- Durrani Campaign to Khorasan (1769–1770): Part of Persian–Afghan Wars
| Date | 1769 – 9 June 1770 |
| Location | Khorasan, Iran (Mashhad, Gonabad, Soltanabad) |
| Result | Durrani victory |

Belligerents
- Durrani Empire: Afsharids

Commanders and leaders
- Ahmad Shah Durrani Sardar Jahan Khan Rasul Khan Mir Nasir Khan I: Shahrokh Shah Nasrullah Mirza Nader Mirza Afshar Ali Mardan Khan †

= Durrani campaign in Khorasan (1769–1770) =

Third Durrani Campaign to Khorasan

The Afghan Durrani Empire, led by Ahmad Shah Durrani, fought a campaign in Khorasan between 1769 and 1770, against Afsharid Iran.

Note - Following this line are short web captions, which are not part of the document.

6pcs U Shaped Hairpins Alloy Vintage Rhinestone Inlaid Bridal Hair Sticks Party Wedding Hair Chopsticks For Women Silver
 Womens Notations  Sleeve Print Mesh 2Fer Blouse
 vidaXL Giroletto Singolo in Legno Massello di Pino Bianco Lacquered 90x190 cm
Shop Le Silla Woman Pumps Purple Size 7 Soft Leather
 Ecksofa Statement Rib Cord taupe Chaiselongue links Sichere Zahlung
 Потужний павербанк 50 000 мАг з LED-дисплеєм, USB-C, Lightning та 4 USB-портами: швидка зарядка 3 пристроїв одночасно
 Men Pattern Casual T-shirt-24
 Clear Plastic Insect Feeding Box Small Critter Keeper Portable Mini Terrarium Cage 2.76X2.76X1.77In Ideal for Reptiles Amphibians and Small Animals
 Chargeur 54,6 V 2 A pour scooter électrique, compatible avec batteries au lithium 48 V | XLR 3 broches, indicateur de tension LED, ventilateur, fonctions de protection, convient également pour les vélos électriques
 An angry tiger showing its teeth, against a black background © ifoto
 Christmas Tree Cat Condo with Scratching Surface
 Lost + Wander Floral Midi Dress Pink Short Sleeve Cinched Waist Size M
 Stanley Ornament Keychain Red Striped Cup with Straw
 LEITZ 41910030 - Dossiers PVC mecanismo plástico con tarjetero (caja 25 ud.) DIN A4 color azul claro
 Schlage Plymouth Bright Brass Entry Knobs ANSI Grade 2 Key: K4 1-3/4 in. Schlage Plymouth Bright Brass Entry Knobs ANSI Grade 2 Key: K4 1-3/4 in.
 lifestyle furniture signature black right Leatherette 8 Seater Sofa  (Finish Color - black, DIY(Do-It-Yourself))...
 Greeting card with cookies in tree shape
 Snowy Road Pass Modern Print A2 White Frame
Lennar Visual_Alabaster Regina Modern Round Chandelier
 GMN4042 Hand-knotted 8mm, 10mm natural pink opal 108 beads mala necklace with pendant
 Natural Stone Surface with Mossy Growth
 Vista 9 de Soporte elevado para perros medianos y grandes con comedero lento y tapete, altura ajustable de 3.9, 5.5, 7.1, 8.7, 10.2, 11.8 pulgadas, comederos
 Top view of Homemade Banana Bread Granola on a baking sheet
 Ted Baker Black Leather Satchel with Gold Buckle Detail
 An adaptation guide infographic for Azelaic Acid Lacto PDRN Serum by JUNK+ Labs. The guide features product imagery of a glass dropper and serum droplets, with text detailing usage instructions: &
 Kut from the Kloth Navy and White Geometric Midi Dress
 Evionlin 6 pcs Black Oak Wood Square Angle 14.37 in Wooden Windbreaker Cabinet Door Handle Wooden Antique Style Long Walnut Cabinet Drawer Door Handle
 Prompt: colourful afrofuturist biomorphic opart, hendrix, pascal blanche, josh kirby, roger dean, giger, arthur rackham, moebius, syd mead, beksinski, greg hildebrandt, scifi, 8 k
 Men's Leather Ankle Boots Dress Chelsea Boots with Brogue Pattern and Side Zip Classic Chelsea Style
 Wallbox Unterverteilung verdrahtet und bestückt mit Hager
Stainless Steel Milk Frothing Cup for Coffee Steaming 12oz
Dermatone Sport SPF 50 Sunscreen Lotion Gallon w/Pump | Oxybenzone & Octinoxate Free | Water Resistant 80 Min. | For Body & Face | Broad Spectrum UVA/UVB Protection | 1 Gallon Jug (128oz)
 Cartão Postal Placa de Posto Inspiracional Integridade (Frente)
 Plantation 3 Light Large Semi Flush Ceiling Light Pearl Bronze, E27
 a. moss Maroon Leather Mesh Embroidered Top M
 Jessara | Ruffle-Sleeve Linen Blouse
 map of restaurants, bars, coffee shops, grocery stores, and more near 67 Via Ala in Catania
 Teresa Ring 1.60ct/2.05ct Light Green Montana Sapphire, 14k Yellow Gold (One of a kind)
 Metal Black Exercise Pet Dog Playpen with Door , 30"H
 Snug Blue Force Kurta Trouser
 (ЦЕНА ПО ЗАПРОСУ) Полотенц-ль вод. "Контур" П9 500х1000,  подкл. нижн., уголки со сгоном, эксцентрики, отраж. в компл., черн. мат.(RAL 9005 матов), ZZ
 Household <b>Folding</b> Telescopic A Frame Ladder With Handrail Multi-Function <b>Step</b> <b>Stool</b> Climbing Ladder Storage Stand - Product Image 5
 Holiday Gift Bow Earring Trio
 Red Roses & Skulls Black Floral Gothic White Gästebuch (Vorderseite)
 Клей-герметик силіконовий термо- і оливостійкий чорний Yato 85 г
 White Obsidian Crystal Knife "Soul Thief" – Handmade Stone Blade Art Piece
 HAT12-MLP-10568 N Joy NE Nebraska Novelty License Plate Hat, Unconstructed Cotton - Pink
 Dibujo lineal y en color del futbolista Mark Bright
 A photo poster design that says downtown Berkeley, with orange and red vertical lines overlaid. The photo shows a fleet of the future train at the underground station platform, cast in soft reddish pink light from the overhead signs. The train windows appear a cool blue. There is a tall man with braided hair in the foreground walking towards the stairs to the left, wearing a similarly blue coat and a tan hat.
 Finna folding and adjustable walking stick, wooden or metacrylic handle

It was his third Khorasan campaign, after those of 1749–1751 and 1754–1755.

== Background ==
Upon hearing of Afghan difficulties in the Punjab, Nasrullah Mirza, son of the Afsharid ruler Shahrokh Shah, began preparing to declare independence. He first attempted to secure aid from Karim Khan Zand to no avail, before receiving support from the Kurds and raising an army in Chenaran. Ahmad Shah began marching from Herat to Khorasan between 1769 and 1770, occupying Torbat-e Jam and Langar. Nasrullah immediately rushed back to Mashhad, while Ahmad Shah arrived and besieged the city.

== Campaign ==
Nasrullah dispatched Nader Mirza Afshar to try and seek aid, which he successfully did so from the chief of Tabas, Ali Mardan Khan. The siege at Mashhad persisted, and sortie attempts against the Afghans were made. Reinforcements under Nadir Mirza and Ali Mardan began arriving, however, and Ahmad Shah dispatched his general, Rasul Khan to battle against them. The Afghan contingent was repelled at Gonabad, leading to Ahmad Shah sending a second army under Jahan Khan and Nasir Khan, which defeated the Persians, slaying Ali Mardan Khan and pursuing Nader Mirza as far as Soltanabad.

== Aftermath ==
Not wishing to fire upon the city as it contained the Imam Reza shrine, negotiations were opened and successfully saw Shahrokh submit again to Afghan suzerainty. Shahrokh also offered his daughter, Gauhar-Shad in marriage to Timur Shah Durrani, which was accepted, with the marriage completed in the Afghan camp. Despite the surrender of Shahrokh and Nasrullah, Ahmad Shah had no intention of directly annexing Khorasan, and instead left Shahrokh to rule under Afghan suzerainty, who also furnished troops to the Afghan army. To ensure loyalty, one of Shahrokh's sons, Yazdan Bakhsh, was taken as hostage. Ahmad Shah began the march back to Kandahar on 9 June, ending his final military campaign.